Saturday, February 16, 2013

Military Code of Honour

I'm working in the vicinity of military airspace today, where by today I mean the day on which I took these cryptic notes and put them in my blogging file. In Canada the lateral boundaries of permanent military airspace are marked on charts with a busy line itself composed of fine parallel lines that are perpendicular to the line they define. The area so designated is usually tagged CYR and a unique three digit number. That must be C for Canadian, Y for why do Canadians use Y so much in aviation? and R for restricted. The number is so you can look it up in the Designated Airspace Handbook to see who is in charge of it. Some military airspace may be CYA (A for advisory), but that just warns pilots that military aircraft may be present, and doesn't obligate pilots to remain clear or obtain permission the way restricted airspace does.

The vertical and temporal limits of restricted airspace must be discerned by careful scrutiny of the notations inside the marked boundaries. A lot of military airspace is only active nine to five local time Monday through Friday. Given the non-business-hours nature of military operations, this always seems a bit strange to me, but it's nice to be able to use their sky on the weekends. The civilian term for airspace restrictions being in effect is the word I just used, active, but the military controllers say hot and cold which is short and clear and sounds flashy. The military are good at that. Often military airspace is hot between certain altitudes continuously and then at an extended range of altitudes occasionally by NOTAM. That means I have to check the NOTAMs to see if CYA 999 is active today, but of course I have to check the NOTAMs anyway to see if there are any temporary flight restrictions. And yeah, I used that phrasing so I could make fun of the US which has what appear to be permanent TFRs over strategic national locations such as Disney World. They do have some pretty advanced robotics there, and you never know, Disney World might close down before the end of the current chart cycle.

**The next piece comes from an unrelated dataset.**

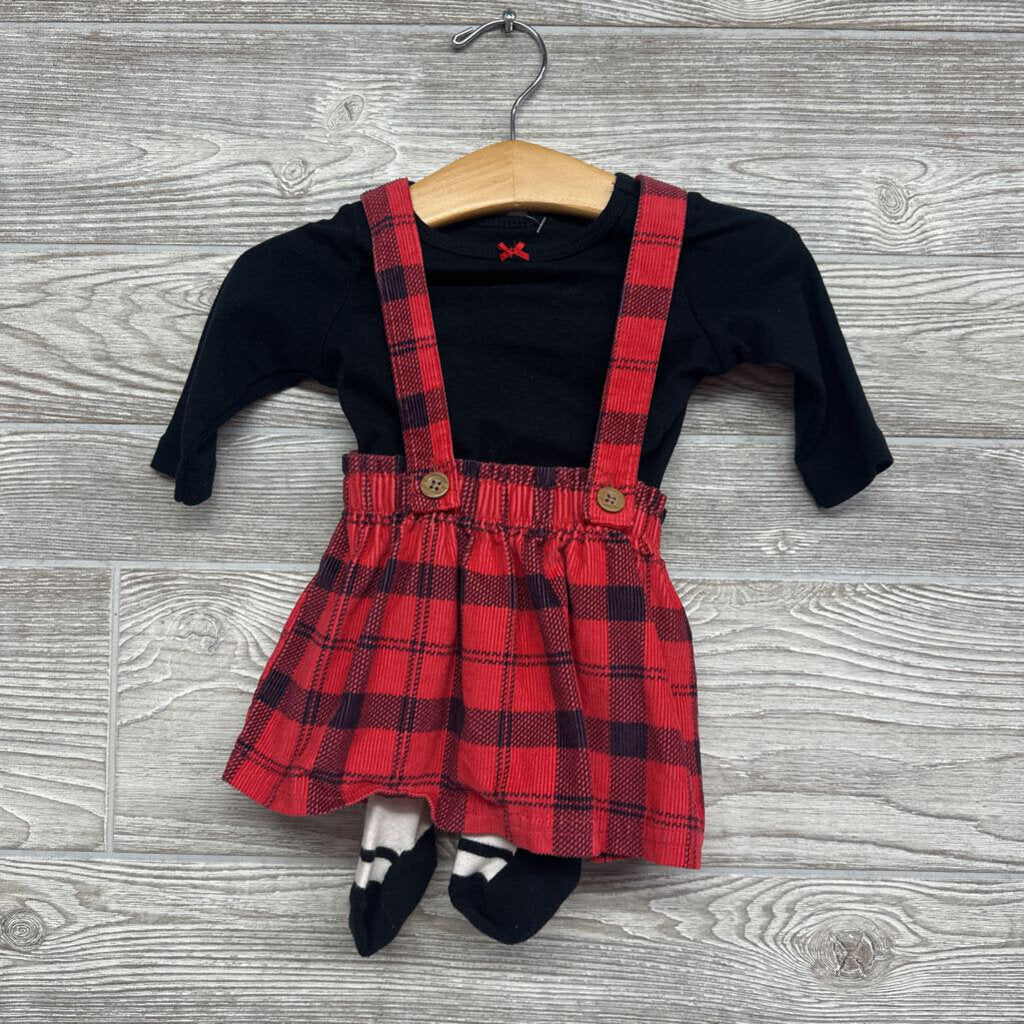 3 Pc Plaid Jumper W/ Tights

On the particular day I'm writing about, I have done the chart interpretation dance before the flight, and decided that our work doesn't require entrance to the military airspace. I talk to the military controller anyway, for flight following. I go under some airspace, because its floor is above the altitude I need. Some parts are NOTAMed cold, so I get to go through them. There are clouds in the area we want to work, but the actual spot we want to overfly is very small, so we fly around in circles waiting for the clouds to get out of the way, and trying to dodge them and their shadows well enough to complete the work. It takes a number of passes, but we get it all and then inform the military controller that we are going to land at a small non-military aerodrome nearby. There's a published mandatory route to land there, and I tune a particular radial to ensure I follow it. The controller sees what I'm doing and clears me direct. Well that was easy.

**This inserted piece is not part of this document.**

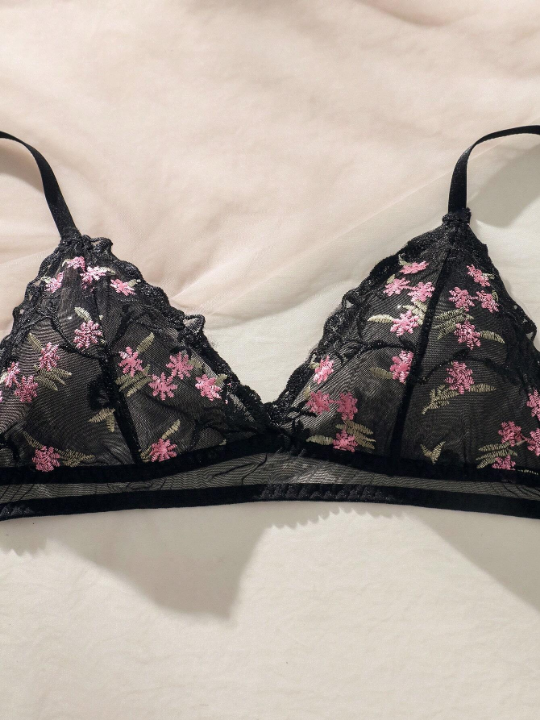 Floral Embroidery Mesh Lingerie Set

There's an elaborate honour system involving multiple codes and keys to obtain and pay for fuel here, and a really questionable restroom. A wave hello to those who know exactly where I am today. I know it can't be too hard to figure out if you've been here, and it's okay to guess in the comments if you want, but more fun for the game to leave cryptic hints than a straight out answer. Once everything is put away I file a new flight plan and depart. The controller again clears me direct through the airspace I planned around. Just in case you need confirmation of your guess where we are, my fellow crew member starts making cow noises after a pilot coming into the same airport reads back his clearance. I laugh hysterically, because I had been about to moo, too.

On the ground an older pilot sees my ride and comes up to me to reminisce because he once worked in Nepal flying the type I'm flying now. He nails the strengths and weaknesses straight off, and tells me something I didn't know, that the fuel selector is designed such that at low temperatures it can become impossible to switch from the inboard to the outboard wing tanks. Interesting. I had not known that. The manual permits take off and landing on any tanks, without a published restriction on which fuel is burned first, as long as there isn't a sizable imbalance between wings.

1 comment:

townmouse said...

I thought the 'A' in 'CYA' stood for something else entirely ...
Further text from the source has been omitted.